== Exercise directions ==
For the listing below, print exactly the lines from the line with "ФОТО Повідець склоочисника" to the line with "20100507104238.jpg", both included, and nothing beyond them.

(Information given Opens)

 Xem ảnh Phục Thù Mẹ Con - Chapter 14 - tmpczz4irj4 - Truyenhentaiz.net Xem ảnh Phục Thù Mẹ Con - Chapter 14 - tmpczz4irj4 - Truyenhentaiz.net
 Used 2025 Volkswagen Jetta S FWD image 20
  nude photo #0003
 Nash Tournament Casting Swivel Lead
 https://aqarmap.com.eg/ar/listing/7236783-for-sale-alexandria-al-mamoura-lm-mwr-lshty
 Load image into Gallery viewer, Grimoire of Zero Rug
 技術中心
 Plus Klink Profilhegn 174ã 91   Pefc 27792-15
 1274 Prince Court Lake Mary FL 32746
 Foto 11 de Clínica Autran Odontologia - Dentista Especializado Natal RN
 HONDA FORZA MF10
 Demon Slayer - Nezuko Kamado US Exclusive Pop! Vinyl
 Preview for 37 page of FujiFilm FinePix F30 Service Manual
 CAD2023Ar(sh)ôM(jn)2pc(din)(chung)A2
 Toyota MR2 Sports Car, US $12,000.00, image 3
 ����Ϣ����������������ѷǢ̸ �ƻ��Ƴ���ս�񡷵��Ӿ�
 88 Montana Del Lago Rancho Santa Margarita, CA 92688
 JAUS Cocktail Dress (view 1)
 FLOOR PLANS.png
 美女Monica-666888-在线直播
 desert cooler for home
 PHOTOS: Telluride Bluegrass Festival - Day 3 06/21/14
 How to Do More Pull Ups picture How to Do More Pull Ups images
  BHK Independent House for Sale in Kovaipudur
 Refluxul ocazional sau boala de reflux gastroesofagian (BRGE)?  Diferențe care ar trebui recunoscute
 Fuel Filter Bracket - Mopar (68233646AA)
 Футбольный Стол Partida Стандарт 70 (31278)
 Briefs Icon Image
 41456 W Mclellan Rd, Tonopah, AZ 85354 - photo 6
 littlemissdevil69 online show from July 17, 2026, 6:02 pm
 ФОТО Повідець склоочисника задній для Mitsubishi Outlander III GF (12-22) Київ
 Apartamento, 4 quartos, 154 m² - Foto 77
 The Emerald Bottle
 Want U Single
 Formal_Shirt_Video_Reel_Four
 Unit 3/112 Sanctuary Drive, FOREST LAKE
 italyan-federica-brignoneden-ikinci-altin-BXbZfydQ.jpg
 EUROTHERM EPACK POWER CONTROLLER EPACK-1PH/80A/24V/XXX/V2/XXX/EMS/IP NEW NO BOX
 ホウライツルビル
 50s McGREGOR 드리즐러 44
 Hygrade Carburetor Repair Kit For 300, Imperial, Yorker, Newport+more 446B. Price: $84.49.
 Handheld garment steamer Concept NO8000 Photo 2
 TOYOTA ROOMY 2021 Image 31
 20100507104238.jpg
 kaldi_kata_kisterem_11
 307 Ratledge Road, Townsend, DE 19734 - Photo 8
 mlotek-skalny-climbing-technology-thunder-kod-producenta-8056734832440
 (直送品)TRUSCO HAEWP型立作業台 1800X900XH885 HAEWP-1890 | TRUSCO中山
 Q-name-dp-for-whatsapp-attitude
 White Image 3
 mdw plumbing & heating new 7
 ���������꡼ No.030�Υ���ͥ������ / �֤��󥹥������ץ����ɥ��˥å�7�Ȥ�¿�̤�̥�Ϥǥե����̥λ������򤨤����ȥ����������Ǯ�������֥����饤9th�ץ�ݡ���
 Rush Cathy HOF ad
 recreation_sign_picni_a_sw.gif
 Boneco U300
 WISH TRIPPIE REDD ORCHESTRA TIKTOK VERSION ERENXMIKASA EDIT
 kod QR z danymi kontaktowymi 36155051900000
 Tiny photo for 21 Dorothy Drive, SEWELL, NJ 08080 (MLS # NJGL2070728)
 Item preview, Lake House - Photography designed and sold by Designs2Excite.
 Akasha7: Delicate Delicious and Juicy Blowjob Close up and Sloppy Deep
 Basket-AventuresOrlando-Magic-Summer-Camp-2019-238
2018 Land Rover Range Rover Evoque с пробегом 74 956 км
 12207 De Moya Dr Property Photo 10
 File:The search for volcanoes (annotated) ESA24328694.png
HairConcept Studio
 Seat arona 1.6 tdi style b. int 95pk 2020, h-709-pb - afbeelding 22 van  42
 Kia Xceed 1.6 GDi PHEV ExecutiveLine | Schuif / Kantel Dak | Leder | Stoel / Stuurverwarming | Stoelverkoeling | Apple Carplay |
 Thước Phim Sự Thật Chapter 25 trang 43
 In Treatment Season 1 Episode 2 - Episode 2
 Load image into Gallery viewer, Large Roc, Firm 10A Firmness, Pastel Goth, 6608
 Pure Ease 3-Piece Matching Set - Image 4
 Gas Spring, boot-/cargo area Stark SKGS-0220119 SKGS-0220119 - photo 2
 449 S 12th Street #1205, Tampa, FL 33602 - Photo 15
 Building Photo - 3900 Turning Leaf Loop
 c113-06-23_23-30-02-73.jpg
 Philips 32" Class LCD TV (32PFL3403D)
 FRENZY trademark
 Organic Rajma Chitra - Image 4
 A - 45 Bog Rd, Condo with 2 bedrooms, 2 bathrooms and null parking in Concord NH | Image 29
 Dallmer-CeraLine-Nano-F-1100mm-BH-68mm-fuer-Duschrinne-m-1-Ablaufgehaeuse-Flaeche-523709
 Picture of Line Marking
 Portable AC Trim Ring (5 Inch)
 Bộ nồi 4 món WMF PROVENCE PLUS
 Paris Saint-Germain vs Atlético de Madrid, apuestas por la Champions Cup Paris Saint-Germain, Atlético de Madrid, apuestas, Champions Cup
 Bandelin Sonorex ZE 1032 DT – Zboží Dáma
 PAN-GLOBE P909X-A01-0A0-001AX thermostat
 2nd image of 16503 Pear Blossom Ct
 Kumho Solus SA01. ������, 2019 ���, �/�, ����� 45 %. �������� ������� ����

(Information given Closes)

== Response to the exercise ==
 ФОТО Повідець склоочисника задній для Mitsubishi Outlander III GF (12-22) Київ
 Apartamento, 4 quartos, 154 m² - Foto 77
 The Emerald Bottle
 Want U Single
 Formal_Shirt_Video_Reel_Four
 Unit 3/112 Sanctuary Drive, FOREST LAKE
 italyan-federica-brignoneden-ikinci-altin-BXbZfydQ.jpg
 EUROTHERM EPACK POWER CONTROLLER EPACK-1PH/80A/24V/XXX/V2/XXX/EMS/IP NEW NO BOX
 ホウライツルビル
 50s McGREGOR 드리즐러 44
 Hygrade Carburetor Repair Kit For 300, Imperial, Yorker, Newport+more 446B. Price: $84.49.
 Handheld garment steamer Concept NO8000 Photo 2
 TOYOTA ROOMY 2021 Image 31
 20100507104238.jpg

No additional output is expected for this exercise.